Congratulations Chuck! :bow:

You got her running good, and what a great sound!

Like you said, maybe just a little fine tuning and your done.

-MB


----------



## Deanofid (Dec 31, 2009)

Yipee!
It seems to run very well once it got warmed up just a touch. I know you want to do some refining to the build, but really, it went great!

Frankly, I'm surprised the BBQ igniter lasted for the entirety of the run here. If you think about it, how many times would it get used in it's normal use? 500 times, maybe a thousand? It might just have gone past its design life in the first minute or two of the run. Or maybe I'm full of it.

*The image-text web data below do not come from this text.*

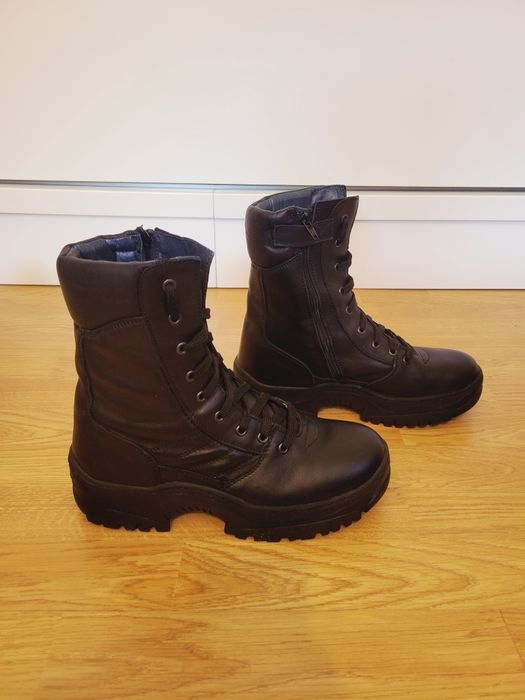 Botas em Pele- Calçado Militar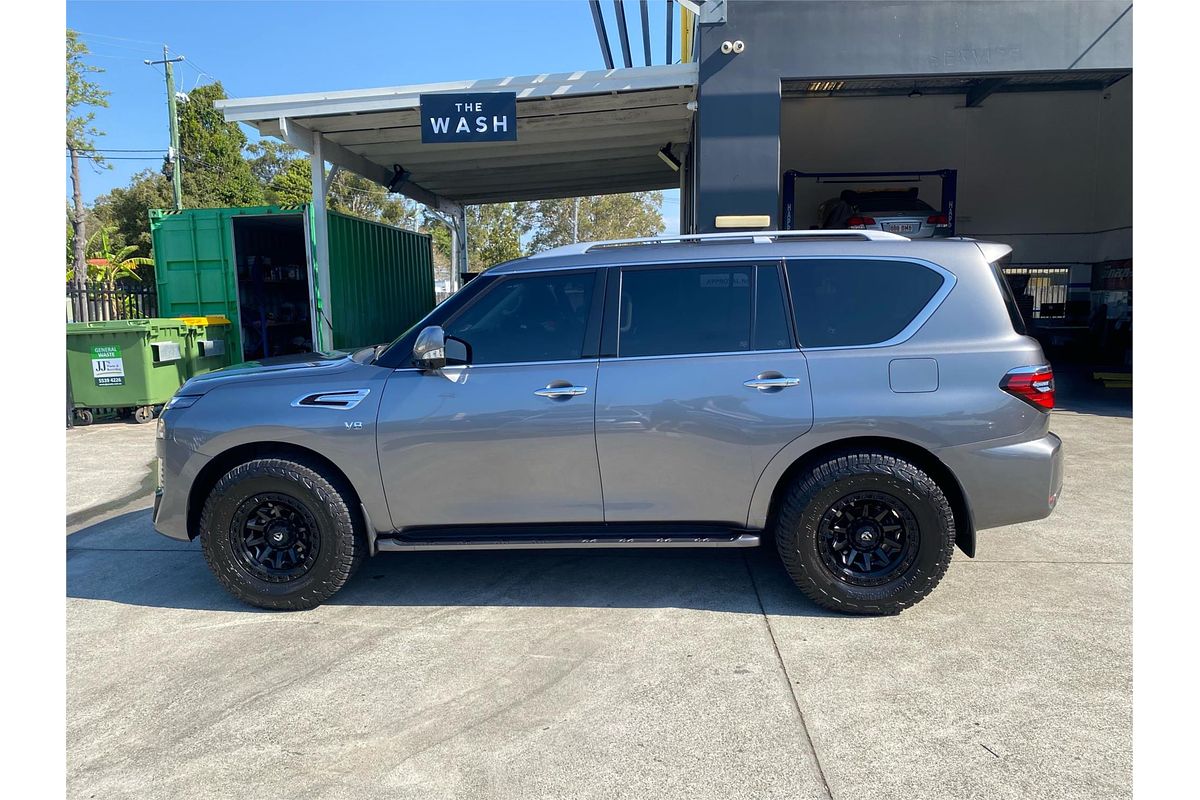 2023 Nissan Patrol Ti-L Y62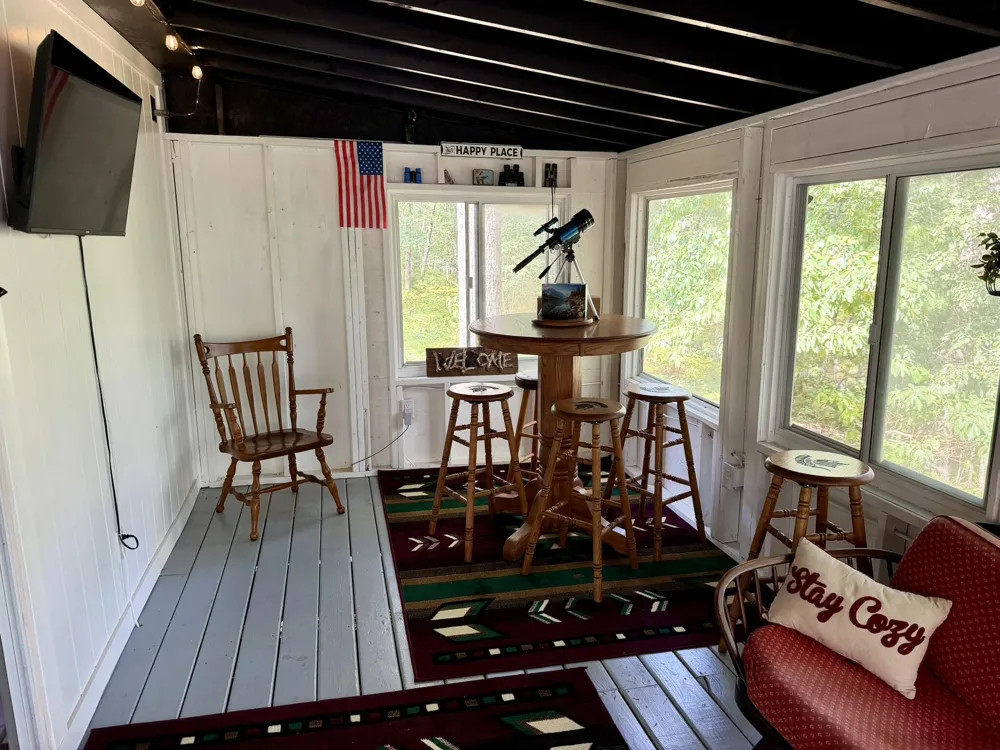 10619 River Dr Ranch Irons, MI 49644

Really good to see this run, Chuck! Interesting, unique, fun. All the good adjectives apply.

Dean


----------



## rake60 (Jan 1, 2010)

Congratulations Chuck.
Beautiful runner! :bow:

Rick


----------



## Maryak (Jan 1, 2010)

Chuck,

Fantastic job sir. :bow: :bow:

Best Regards
Bob


----------



## NickG (Jan 1, 2010)

Just brilliant Chuck, you know it runs now so it's just a matter of fine tuning! Great project!

NIck


----------



## kvom (Jan 1, 2010)

That sound is sweet!


----------



## zeeprogrammer (Jan 1, 2010)

Great video...great sound. Thanks for posting it.
Struggling to say more...it's just great.


----------



## IronHorse (Jan 1, 2010)

Nice Job, I will have to make one of these some day. 


IronHorse


----------



## Powder keg (Jan 1, 2010)

Glad you got it running Chuck!!! Nice job!!!!!


----------



## kustomkb (Jan 6, 2010)

Awesome job Chuck!

That's really cool.


----------



## PhillyVa (Jan 6, 2010)

What a great job... :noidea: *Congrats to you Chuck* :bow: :bow:

Regards

Philly


----------



## joe d (Jan 6, 2010)

Congrats, Chuck.

This one was fun to follow along. It sure sounds neat.

Joe


----------



## cfellows (Jan 6, 2010)

Thanks, guys, for the words of encouragement. I've since removed the defunct piezo electric igniter and installed a set of ignition points. I installed the points to run off the crankshaft rather than the camshaft to simplify things and also to provide separate timing for the exhaust valve and ignition. The plug will fire twice as often, but that shouldn't hurt anything. I'm also waiting for a small ignition coil that I bought on Ebay and I may have to scrounge up a battery depending on how much voltage the ignition coil wants. I'll pobably mount all the extra ignition bits under the main board that the metal engine parts sit on.

Stay tuned.

Chuck


----------



## GOOFY063 (Jan 6, 2010)

Congratulations Chuck :bow: ;D 

Maybe someday i can make one that will look that good, but to run?


----------



## BillC. (Jan 6, 2010)

Great! I like it... Thm:

Now, what's next?

Bill C.


----------



## cfellows (Jan 6, 2010)

GOOFY063  said:
			
		

> Congratulations Chuck :bow: ;D
> 
> Maybe someday i can make one that will look that good, but to run?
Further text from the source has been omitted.